生活費や学費を目的とする学生の割合が急激に上昇する一方で、旅行や衣服購入などの趣味へのお金を目的とする割合は減少している。どうやら、最近の大学生は生きることに精一杯のようだ。
彼は、親から学生への仕送り額の推移に関しても面白いデータを投稿している。
▼仕送り額は年々減少している!
▼昔はほとんどいなかった「仕送りゼロ」も10%近くに。
親を頼ることもできない状況になっているということだ。さてここからが本題。
このような状況の中、保坂展人氏はHUFFINGTON POSTにて、高齢者の孤独を和らげるために学生を高齢者とホームシェアさせる「異世代ホームシェア」を推奨した。
参考:「高齢者の孤独」を癒す「学生・若者とのホームシェア」の可能性は
▼この提案に対し、「若者の視点が全くない」と手厳しく批判する高村さん。
記事の中では、一人暮らしの高齢者の家に貧乏な学生を住まわせれば、学生は家賃が浮き、高齢者は孤独を癒すことができるのでwin-winの関係になれるという理想論が書かれていた。

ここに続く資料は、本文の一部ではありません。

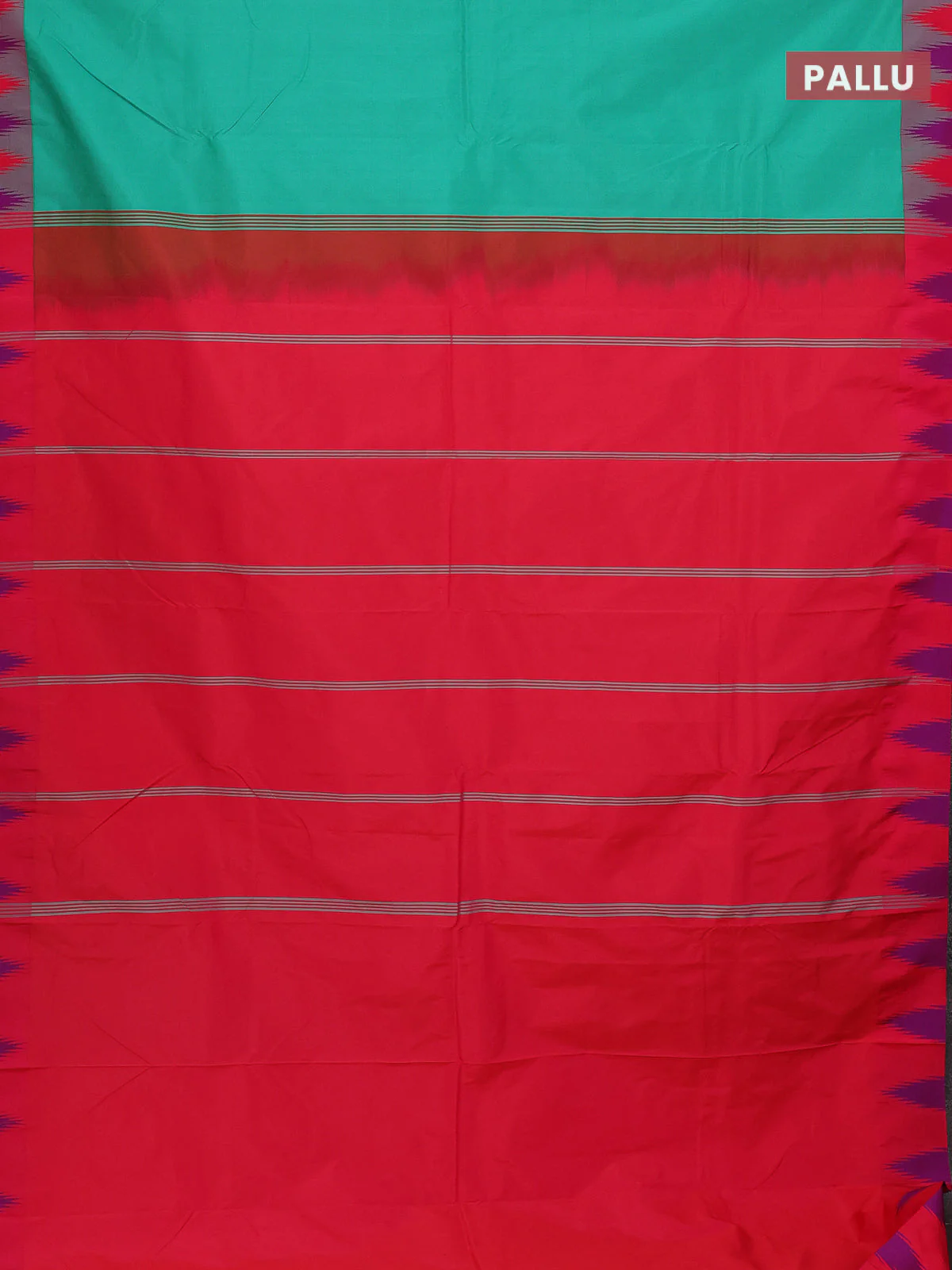 Arani semi silk saree teal green and dual shade of bluish pink with plain body and temple design border - Image 3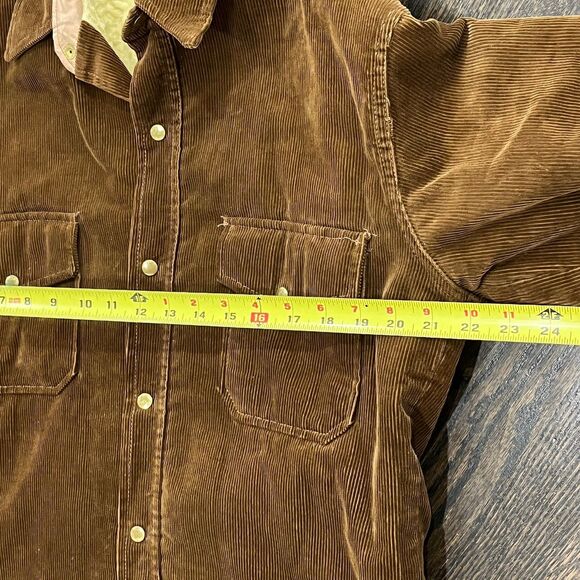 Vintage Corduroy Jacket Mens Large Brown Sherpa Lined Shacket Scovill 70s 80s - Picture 8 of 11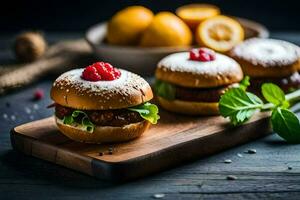 three hamburgers on a wooden cutting board. AI-Generated photo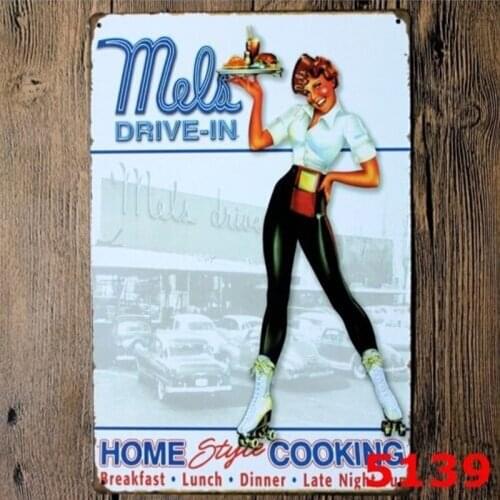 "Mels Drive-in" Car Hop,Tin Sign, Hot Rod, Street Rod, Man Cave, Home Decor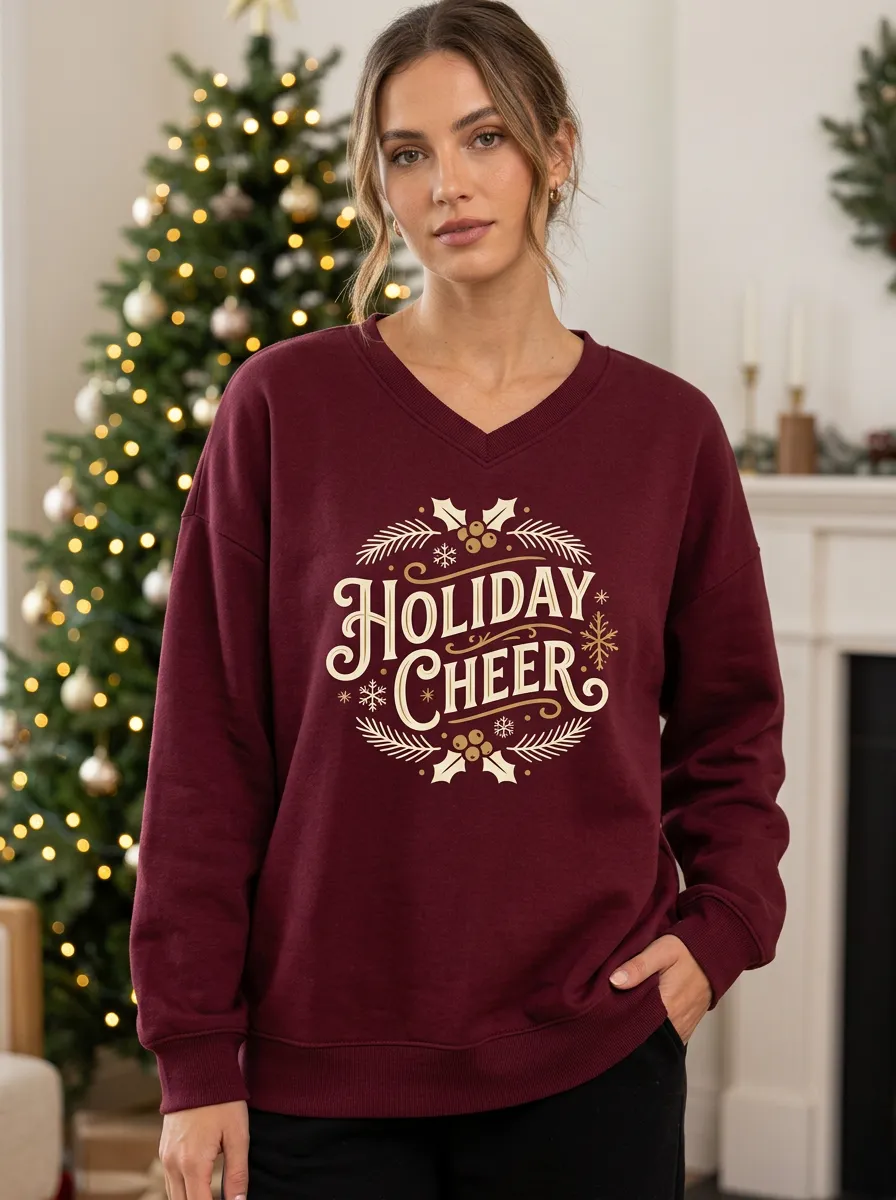 Christmas Holiday Cheer Holly Snowflake Print Sweatshirt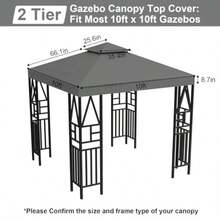 Toldo de repuesto de 3 x 3 metros, cubiertas de cenador emergente de doble capa con 12 velcros, nailon impermeable y protector UV, refugio al aire libre para parrilla, patio, evento - Gris - Ver 2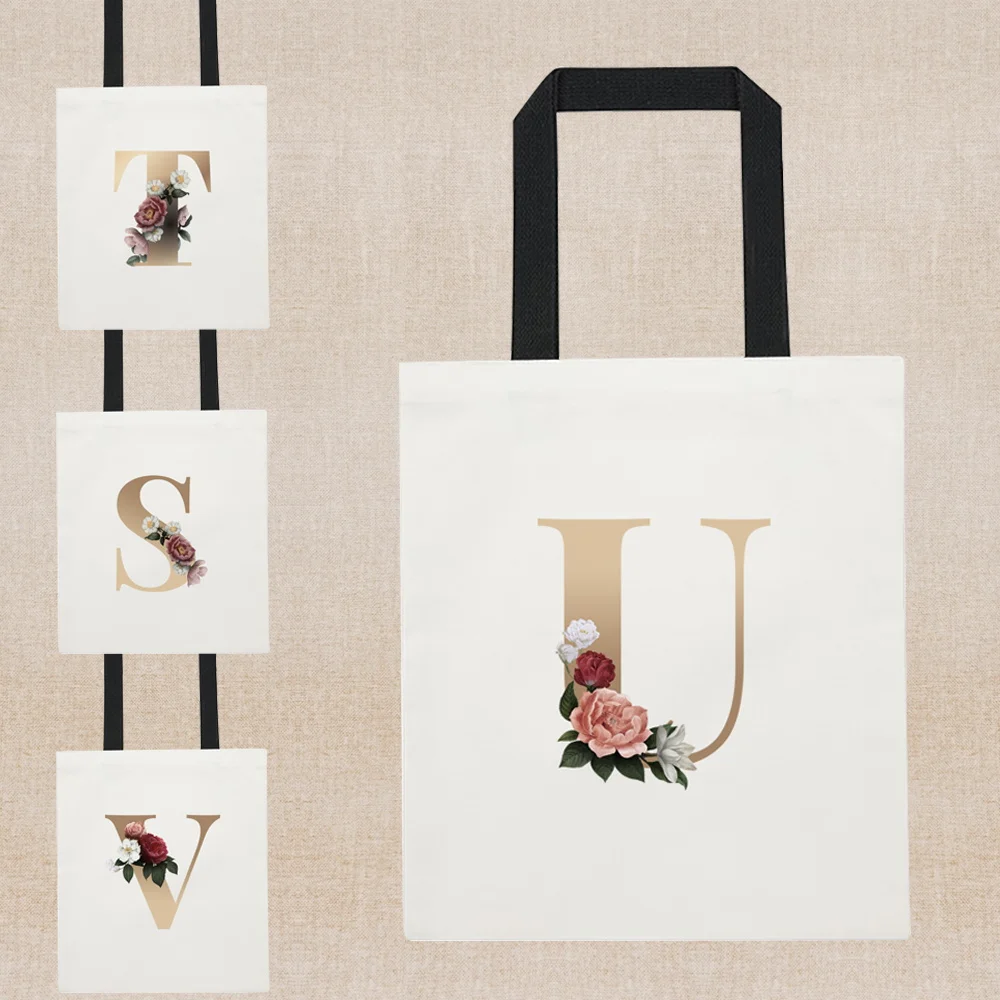 

Сумки для покупок с цветочным принтом и надписью, модная сумка-тоут, женские повседневные универсальные сумки, холщовые сумки на плечо, вмес...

▼それに対して、ブラックバイトと同じことが起きると指摘する。
以前、netgeekではブラックバイトはすぐに辞めてしまえば市場原理が働き淘汰されるという話を紹介していた。
参考:堀江貴文が高校生の労働組合「首都圏高校生ユニオン」の結成を痛烈に批判。その真意とは?
同じ理論でいくと、嫌な同居人に当たったら家を出て行けばいいということになる。しかし、住居に関しては出て行きたくても簡単には「次」は見つからないわけで、これは「ブラック企業」ならぬ「ブラックハウス」とでも言えばいいのだろうか。
▼そもそもブラックバイトがまかり通る原因は学生の生活が苦しくて無茶な要求に答えてしまうから。
生活に余裕のある学生は高齢者とシェアなどしないだろう。シェアハウスをしてくれる学生を「貧乏な学生」と想定しているのであれば、かなり見当違いの理想を語っていることになる。ブラックバイトとブラックハウスの二重苦を与えることになるかもしれないからだ。
Twitterには高村さんの意見に賛同する声が多数上がっている。
▼学生からは生活することで精一杯という悲痛な叫びが。
▼大学が良かれと思っていることも誰かを苦しめるかもしれない。
高村さんは「この国はあまりにも若者を搾取しすぎている」と語っている。異世代ホームシェアはきっと悪意を持って考えられたわけではないだろうが、視点が抜け落ちると誰かの理想は一方で誰かの不幸になりうるということを意識しなければならない。